Ce livre ouvre le royaume secret d’une amitié à quatre :
Picasso, sa femme Jacqueline, Pignon, sa femme Hélène Parmelin.
A la faveur de cette amitié, fertile en péripéties ironiques
ou chaleureuses, l’auteur nous fait entrer, comme personne ne pouvait le faire,
dans le comportement multiforme de Picasso et dans le climat de sa création
ininterrompue. « Nous étions, écrit Hélène Parmelin,
des habitants de la peinture. »
Le Voyage en Picasso
a l’inattendu et la fantaisie du roman, la vérité du document et, tout en étant
le contraire de l’écrit d’art, il ouvre à tous les chemins de la peinture.
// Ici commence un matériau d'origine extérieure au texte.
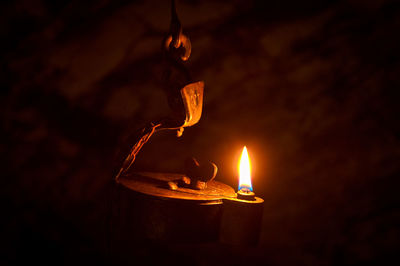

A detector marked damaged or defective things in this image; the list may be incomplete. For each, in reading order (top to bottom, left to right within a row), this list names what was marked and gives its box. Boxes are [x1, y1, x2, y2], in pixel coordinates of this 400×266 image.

rusty metal surface [119, 172, 238, 202] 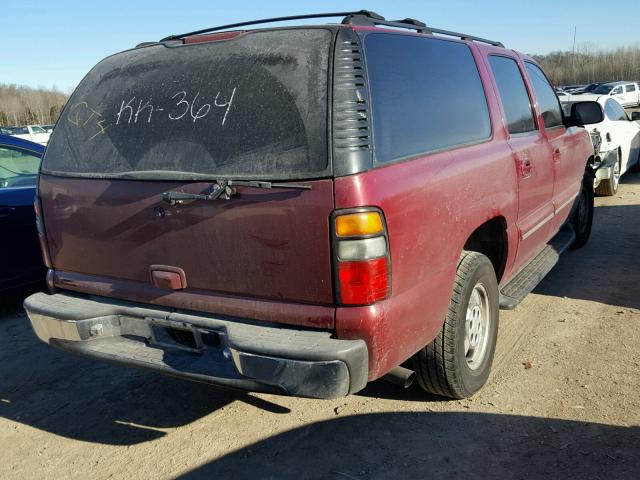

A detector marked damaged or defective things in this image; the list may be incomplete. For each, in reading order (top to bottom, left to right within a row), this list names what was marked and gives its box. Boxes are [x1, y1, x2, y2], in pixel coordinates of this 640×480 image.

damaged white vehicle [560, 95, 640, 195] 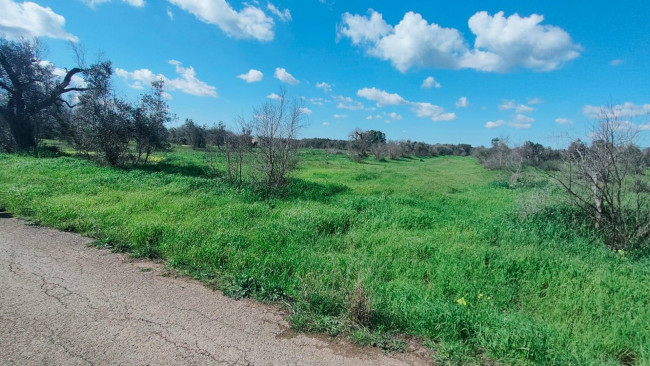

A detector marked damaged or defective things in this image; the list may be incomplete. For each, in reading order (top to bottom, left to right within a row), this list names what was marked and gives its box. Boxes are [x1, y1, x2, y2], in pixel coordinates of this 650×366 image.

cracked asphalt road [0, 216, 430, 364] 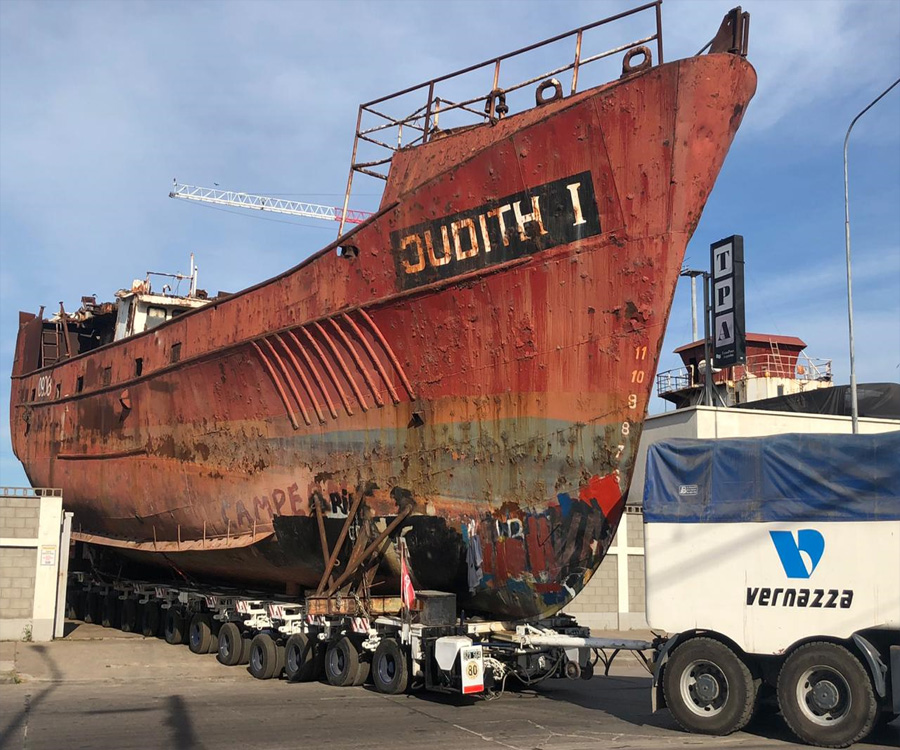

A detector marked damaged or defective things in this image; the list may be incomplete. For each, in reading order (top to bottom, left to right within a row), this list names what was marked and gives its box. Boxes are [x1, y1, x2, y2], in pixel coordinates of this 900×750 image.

corroded metal [10, 10, 756, 624]
rusty ship hull [10, 33, 756, 616] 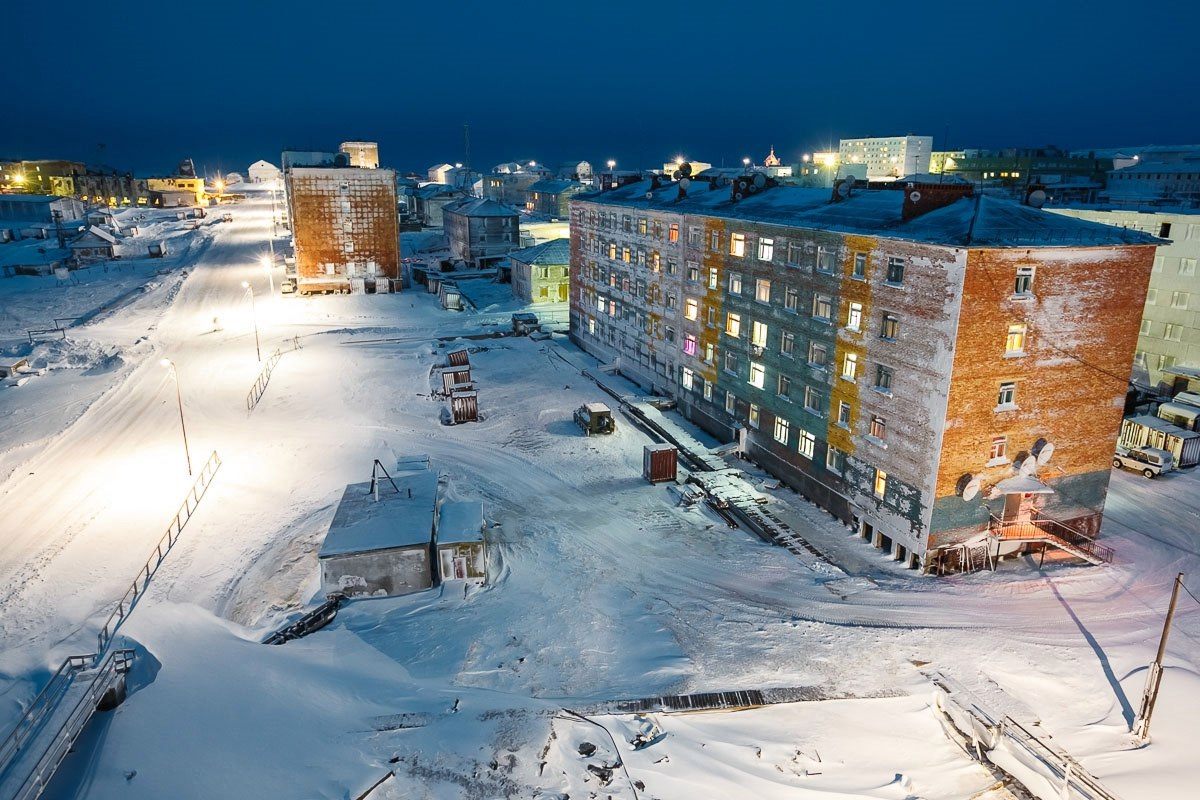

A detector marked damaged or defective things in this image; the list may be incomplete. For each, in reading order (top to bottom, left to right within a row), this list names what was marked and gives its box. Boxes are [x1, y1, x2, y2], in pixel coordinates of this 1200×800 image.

peeling painted facade [288, 166, 400, 293]
peeling painted facade [571, 178, 1161, 573] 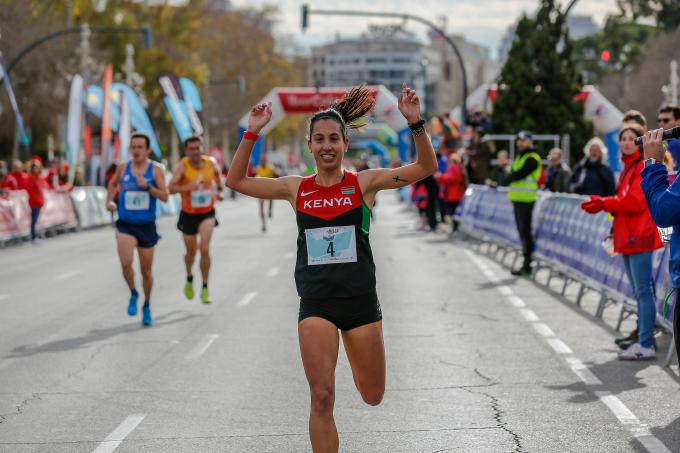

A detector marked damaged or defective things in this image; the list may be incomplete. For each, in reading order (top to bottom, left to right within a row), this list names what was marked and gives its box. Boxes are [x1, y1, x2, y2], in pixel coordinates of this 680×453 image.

road surface crack [0, 392, 41, 424] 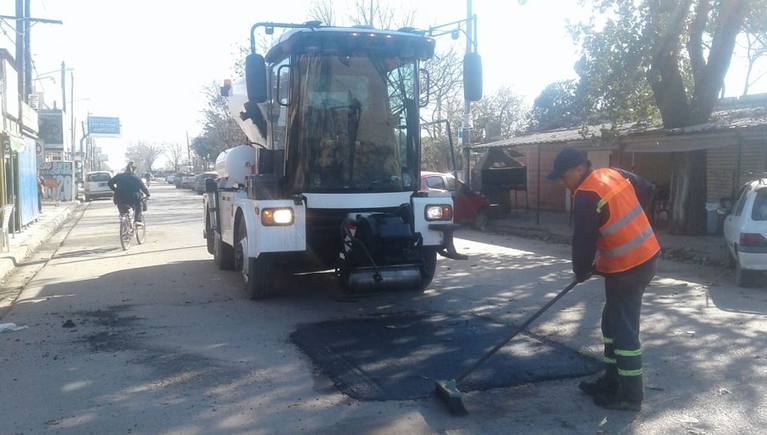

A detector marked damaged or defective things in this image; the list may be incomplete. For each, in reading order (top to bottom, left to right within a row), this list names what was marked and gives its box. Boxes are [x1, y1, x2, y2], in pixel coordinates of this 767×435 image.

fresh asphalt patch [292, 314, 604, 402]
Enfin, il donne de Picasso des images superbes dont personne
n’a jamais eu connaissance et qui confèrent davantage encore à ce livre un
caractère d’exception. Elles montrent en effet Picasso et « sa femme Don
Quichotte » aménageant la peau de chagrin du temps, dans les derniers
mois, en proie à ce que l’auteur nomme « la vivifiante présence de la mort ».